Manchester Business School reaction to Autumn Statement

31st October 2024, 2:03 pm

Ken McPhail, Head of Alliance Manchester Business School said:

“Today’s budget signals a shift in UK economic strategy in two ways. The energy profits levy, employers NI hike, minimum wage increases and VAT on private schools means the private sector and the better off will undoubtedly pay more. Supporters of Reeves will say that this reflects a focus on economic fairness needed to address the sense of disenfranchisement in many left behind neighbourhoods. Second, it’s a budget that prioritises public investment, for example in healthcare and education. It’s an approach that we’ve not seen in quite some time.

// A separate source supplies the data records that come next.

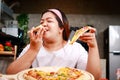 Fat Asian happy woman eating pizza, she holds two slices of pizza and eats deliciously in the kitchen at home. Royalty Free Stock Photo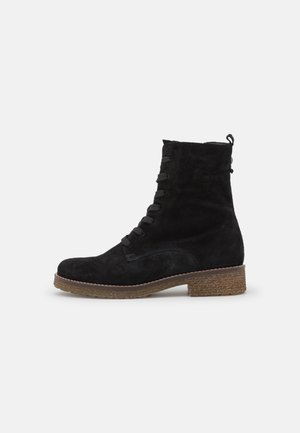 Schwarze Wildleder-Ankle-Boots mit runder Zehenform, Schnürung vorne, strukturiertem Absatz und kontrastierender Sohle. Verfügt über eine Schlaufe an der Rückseite für einfachen Einstieg.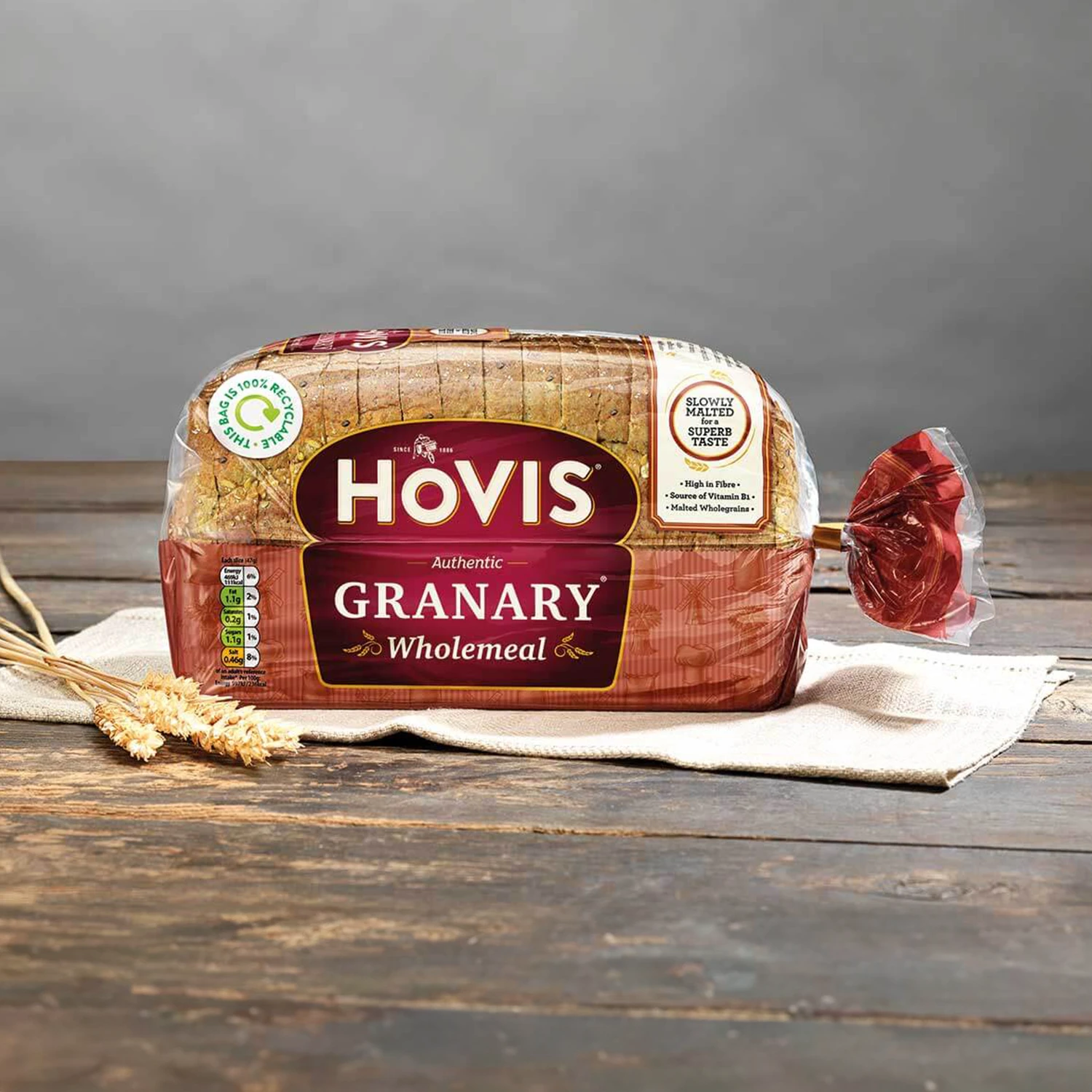 Hovis Granary 400g loaf on beige napkins against a light grey background, resting on a rustic wooden table with natural light, with a couple of dried wheat stalks on the left.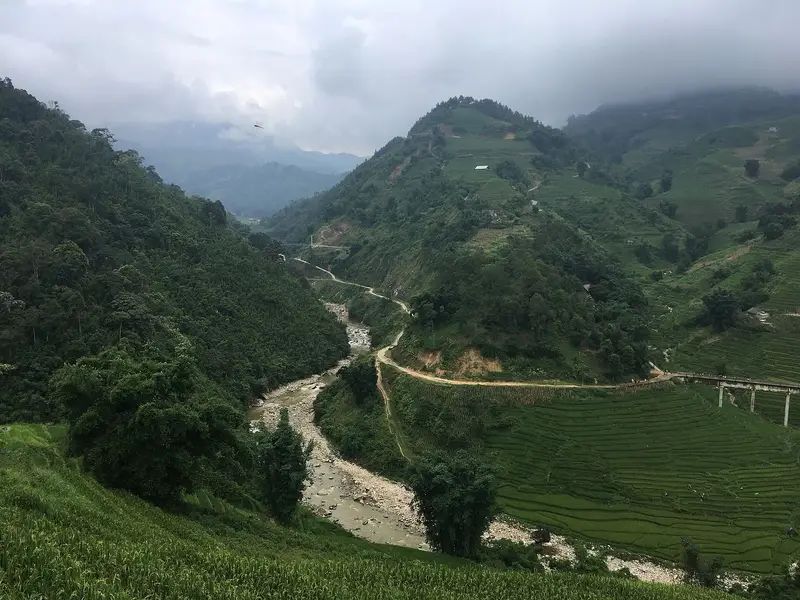 The Mường Hoa river winding through a green valley below Lao Chải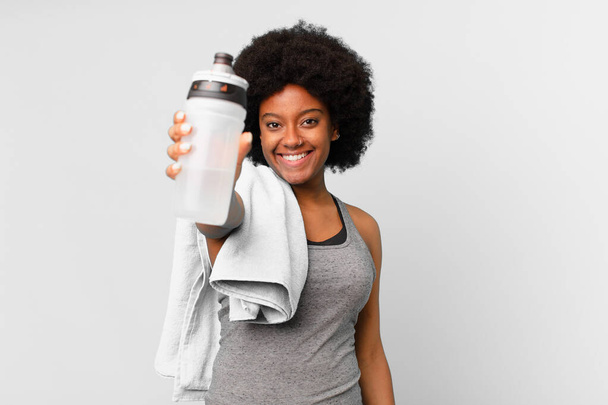 black afro fitness woman with a towel and water can - Foto, Imagem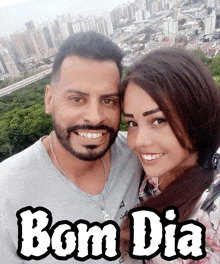 a man and woman are posing for a picture with the words bom dia behind them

“Beyond the question of redistribution is, of course, growth and where it will come from. This is definitely a more interventionist government that doesn’t have the same faith in markets as its predecessors. The new National Wealth Fund, for example, will deliver funding to industries with highest growth potential.  However, more needs to be done here to link local pension funds with regional growth to drive investment into growth areas.  That said, positive announcements on devolution will increase the autonomy needed to more effectively coordinate local economic industrial strategy.

“Of course there was also a lot missing from the budget. Perhaps this was to be expected, however. Today’s budget is, after all, only a one-year budget settlement. The big budget decisions will follow the Spending Review process that will conclude in May or June next year that will set the spending envelope for the following three years.”